Parmi ceux qui ont défendu, après sa mort, Ibn ‘Arabî, son oeuvre et son statut de sainteté, nous pouvons citer des autorités comme Ahmad Ibn Arâ’-Llâh as-Sakandarî (notamment face à Ibn Taymiyya, réfutant sa mauvaise compréhension des oeuvres d’Ibn ‘Arabî), As-Suyûtî, Taqî ud-Dîn as-Subkî (qui s’était repenti d’avoir fait son takfir suite à des rumeurs infondées ou incompréhensions de sa part), Al-Munawî, As-Safadî, Ibn ‘Imad al-Hanbali, Al ‘Izz ad-Dîn ibn ‘Abd as-Salâm, al-Fayruzabadi, Zakariyya al-Ansarî, Murtadâ az-Zubaydî, ‘Abd al-Wahhab as-Sha’rani (qui réfutera les accusations et incompréhensions concernant Ibn ‘Arabî dans Kitâb al-yawaqit wa al-jawahir fī bayan ‘aqa’id al-akabir) et tant d’autres. Le Shaykh du Hadith et juriste al-Munawî dira de lui : « un Ami vertueux (et rapproché) d’Allâh et érudit fidèle de la (vraie) connaissance ». Ibn ‘Imad al-Hanbali dira de lui : « Le mujtahid absolu sans aucun doute ».  Al-Fayruzabadi dira à son sujet : « L’imâm des gens de la Shar’îah à la fois dans la connaissance et dans l’héritage, l’éducateur (spirituel) des gens de la Voie dans la pratique et dans la connaissance, et le Shaykh des shaykhs des gens de la Vérité par l’expérience spirituelle (dhawq ; goût spirituel obtenu par l’expérience) et la compréhension ». Tous étaient des autorités dans le Hadith, le Tafsîr, la langue arabe, le fiqh, la ‘aqida, l’histoire, le Tasawwuf, etc.

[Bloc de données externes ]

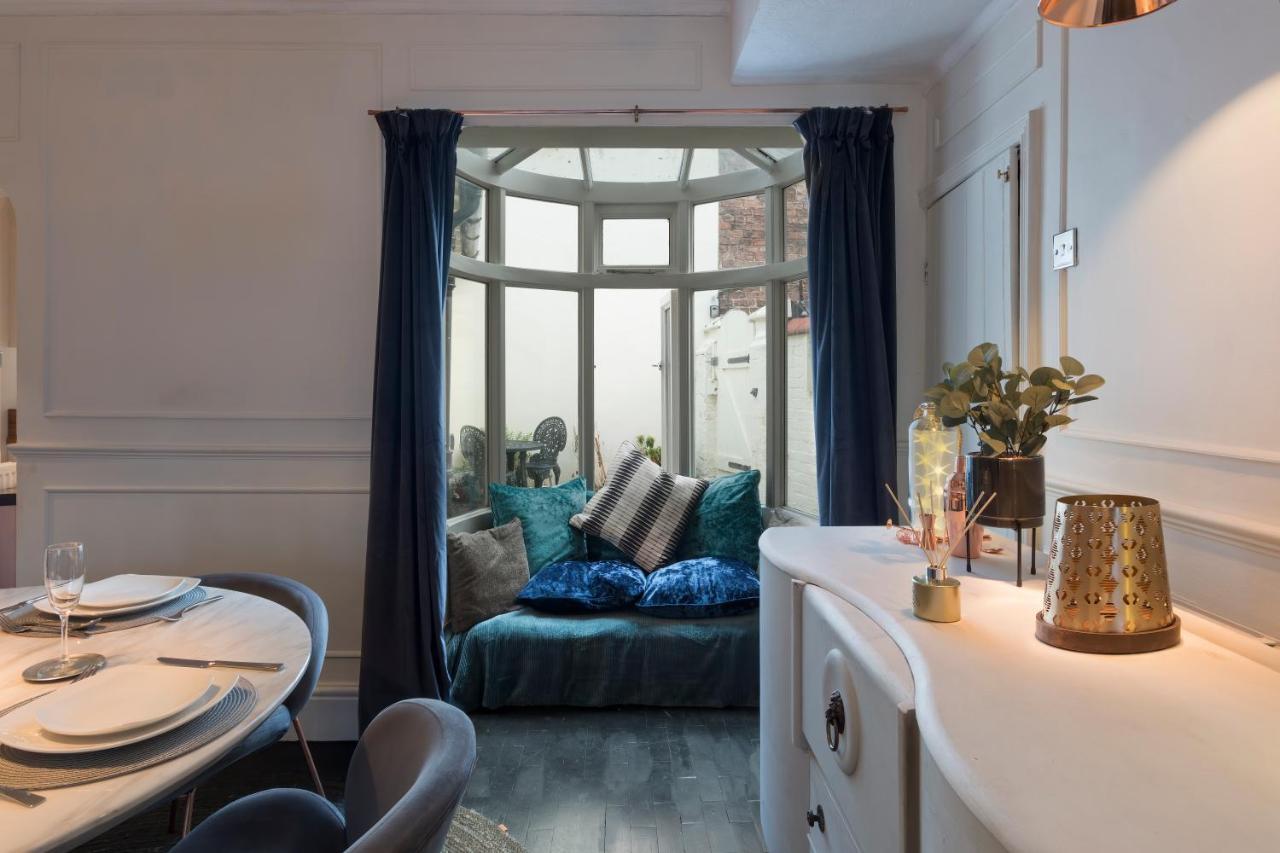 In The Heart Of Chester, Historical & Stylish エクステリア 写真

Le célèbre Shaykh al-Islâm Ibn Kamâl Pashâ (m. 940 H/1534), conseiller de Selim 1er, Sultan du Califat ottoman, écrira d’ailleurs une célèbre fatwa défendant l’honneur et le rang du Shaykh al-Akbar Ibn ‘Arabî, le sûfi et juriste très orthodoxe : « Au Nom d’Allâh le Tout-Miséricordieux, le Très-Miséricordieux. Louange à Celui qui, parmi ceux qui Lui vouent un culte pur, a fait de Ses serviteurs les héritiers des Prophètes et des Envoyés ; et que la Grâce soit accomplie sur Muhammad qui est suscité pour corriger les égarés et ceux qui égarent, ainsi que sur sa Famille et ses Compagnons, les interprètes autorisés du droit islamique appelés à répandre la Loi ferme et évidente.

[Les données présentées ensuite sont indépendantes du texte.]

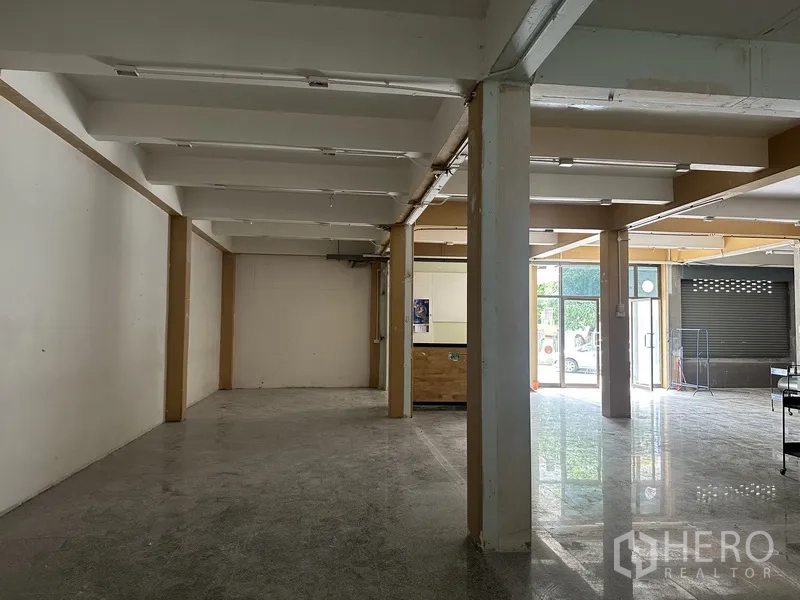 พื้นที่ขายของ for rent in Bang Rak, Bangkok - มุมมองด้านข้างของพื้นที่ยาว เห็นคาน เสา และประตูกระจกด้านหน้า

Ô vous les hommes, sachez que le Shaykh suprême, le modèle le plus noble, le pôle des connaissants et chef de ceux qui professent la doctrine de l’Unité, Muhammad Ibn al-‘Arabî at-Tâ’î al-Hâtimî al-Andalusî, juriste (inspiré) accompli et guide excellent, bénéficie de vertus merveilleuses, de grâces extraordinaires, et de disciples en multitude, reconnus par les savants et les personnages illustres. Quiconque est négatif à son encontre se retrouve dans l’erreur et quiconque persiste dans cette attitude est égaré. Le sultan a pour devoir de le rééduquer et de l’obliger à changer de convictions, étant donné qu’au sultan incombe l’ordre bien (admis) et l’interdiction de ce qui est négatif (et blâmable).

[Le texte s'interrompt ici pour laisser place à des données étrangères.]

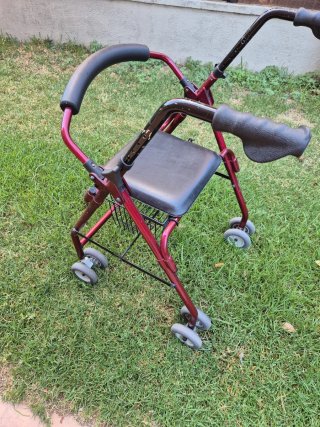 Andador para adultos con cesta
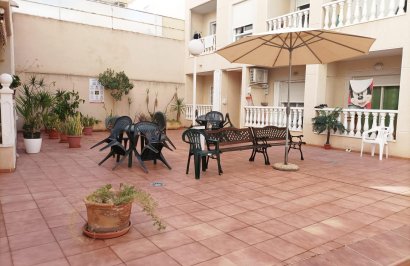 Resale - Apartamento - Torrevieja - Playa de los Locos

Il est l’auteur de nombreux ouvrages dont les Gemmes sapientiales (Fusûs hikmiyyah) et les Ouvertures Mekkoises (Futûhât al-Makkiyya). Certaines des questions qui y sont abordées ont une expression et un sens saisissable et conforme à l’Ordre divin sans qu’il soit nécessaire de jouir d’un dévoilement intuitif ou initiatique. Que celui qui ne parvient pas à se hisser jusqu’au but recherché se taise où il se tient, en raison de cette Parole du Très-Haut : « Et ne poursuis pas ce dont tu es dépourvu de science. L’ouïe, la vue et le cœur : sur tout cela on sera interrogé (ou rendu responsable) » (Qur’ân 17, 36). Et Allâh est le Guide vers la Voie d’accès direct » (2).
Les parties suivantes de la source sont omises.